Treasury Pulse

TheStar Sat, Mar 03, 2018 08:50am - 6 years View Original


Global Foreign Exchange Market

THE dollar’s performance this week revolved around Powell’s view on the number of rate hikes necessary in 2018 to prevent the economy from overheating. After his first congressional testimony on Tuesday, the dollar rose to February’s high of 90.613, and then declined to 90.324 by the end of the week, capping the week’s gain at 0.5%. This resulted from the Fed chair commenting that pick-up in wages and signs of an overheating have not materialised. Disappointing January durable goods orders at -3.7% m/m from 2.6%m/m previously, and January new home sales which came in at -7.8%m/m (a second consecutive month of negative growth) produced minimal drag on the greenback.

Brent crude oil seems unable to keep its momentum going, losing 5.2% of its value in the beginning of the week to close at US$63.83/barrel. US oil production has returned with a vengeance with data reported by the EIA showing a significant build-up of US crude inventories; three million barrels for the week ending Feb 16. Besides, support from the demand side is lacking because global demand tends to be relatively more subdued before the summer months begin.

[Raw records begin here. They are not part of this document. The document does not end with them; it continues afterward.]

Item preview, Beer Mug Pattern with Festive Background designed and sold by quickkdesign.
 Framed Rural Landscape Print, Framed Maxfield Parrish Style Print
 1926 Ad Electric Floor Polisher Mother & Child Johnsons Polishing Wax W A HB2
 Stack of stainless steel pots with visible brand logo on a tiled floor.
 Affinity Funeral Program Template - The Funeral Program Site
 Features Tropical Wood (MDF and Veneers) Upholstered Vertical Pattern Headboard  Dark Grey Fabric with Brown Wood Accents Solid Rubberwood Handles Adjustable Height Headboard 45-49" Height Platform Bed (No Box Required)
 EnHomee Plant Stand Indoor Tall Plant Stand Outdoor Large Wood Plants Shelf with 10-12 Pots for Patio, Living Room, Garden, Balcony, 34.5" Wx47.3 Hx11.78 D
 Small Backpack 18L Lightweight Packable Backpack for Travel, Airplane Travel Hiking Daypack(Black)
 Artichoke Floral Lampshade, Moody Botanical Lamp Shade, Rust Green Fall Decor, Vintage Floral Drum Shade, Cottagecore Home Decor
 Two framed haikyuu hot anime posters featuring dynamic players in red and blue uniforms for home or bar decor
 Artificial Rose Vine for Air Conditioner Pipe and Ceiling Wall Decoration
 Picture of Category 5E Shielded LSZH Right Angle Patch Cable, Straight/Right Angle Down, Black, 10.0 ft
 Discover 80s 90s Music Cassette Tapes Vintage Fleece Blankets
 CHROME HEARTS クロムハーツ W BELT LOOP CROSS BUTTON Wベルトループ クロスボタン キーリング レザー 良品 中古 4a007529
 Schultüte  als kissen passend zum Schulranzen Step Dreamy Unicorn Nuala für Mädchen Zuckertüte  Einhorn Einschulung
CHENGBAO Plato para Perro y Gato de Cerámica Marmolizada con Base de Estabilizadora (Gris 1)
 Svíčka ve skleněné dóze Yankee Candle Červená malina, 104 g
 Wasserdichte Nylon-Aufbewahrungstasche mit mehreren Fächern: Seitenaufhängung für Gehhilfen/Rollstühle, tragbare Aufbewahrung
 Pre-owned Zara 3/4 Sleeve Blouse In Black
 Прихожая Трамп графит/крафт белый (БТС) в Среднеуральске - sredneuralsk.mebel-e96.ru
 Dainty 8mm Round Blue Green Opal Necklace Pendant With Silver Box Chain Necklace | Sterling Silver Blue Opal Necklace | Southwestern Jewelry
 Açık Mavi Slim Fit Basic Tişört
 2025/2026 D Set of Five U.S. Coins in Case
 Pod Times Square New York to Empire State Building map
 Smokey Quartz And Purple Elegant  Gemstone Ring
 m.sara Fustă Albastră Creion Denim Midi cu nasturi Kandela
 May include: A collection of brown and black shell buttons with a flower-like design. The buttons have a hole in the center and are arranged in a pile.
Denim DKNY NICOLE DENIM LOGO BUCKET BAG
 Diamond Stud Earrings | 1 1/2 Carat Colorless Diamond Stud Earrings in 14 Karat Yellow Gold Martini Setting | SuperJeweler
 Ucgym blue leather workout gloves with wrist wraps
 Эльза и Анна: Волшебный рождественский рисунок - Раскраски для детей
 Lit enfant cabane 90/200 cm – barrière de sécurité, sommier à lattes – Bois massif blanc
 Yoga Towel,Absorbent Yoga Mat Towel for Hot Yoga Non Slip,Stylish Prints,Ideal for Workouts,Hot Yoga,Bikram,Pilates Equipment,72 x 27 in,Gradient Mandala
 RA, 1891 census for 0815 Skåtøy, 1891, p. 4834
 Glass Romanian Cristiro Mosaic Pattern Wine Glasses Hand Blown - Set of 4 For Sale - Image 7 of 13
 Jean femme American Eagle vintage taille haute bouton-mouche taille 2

The dollar had the upper hand against the euro this week which depreciated 0.2% to 1.2267. ECB’s Mario Draghi commented that the need for the monetary stimulus is still persistent and his stand was reinforced further by February flash inflation which rose slowly at 1.2% year-on-year (y-o-y), down from 1.3% y-o-y in the previous month. Meanwhile, January Business Confidence eased to 1.48 from 1.56 previously, indicating economic conditions are currently in a state viewed as a glass half empty.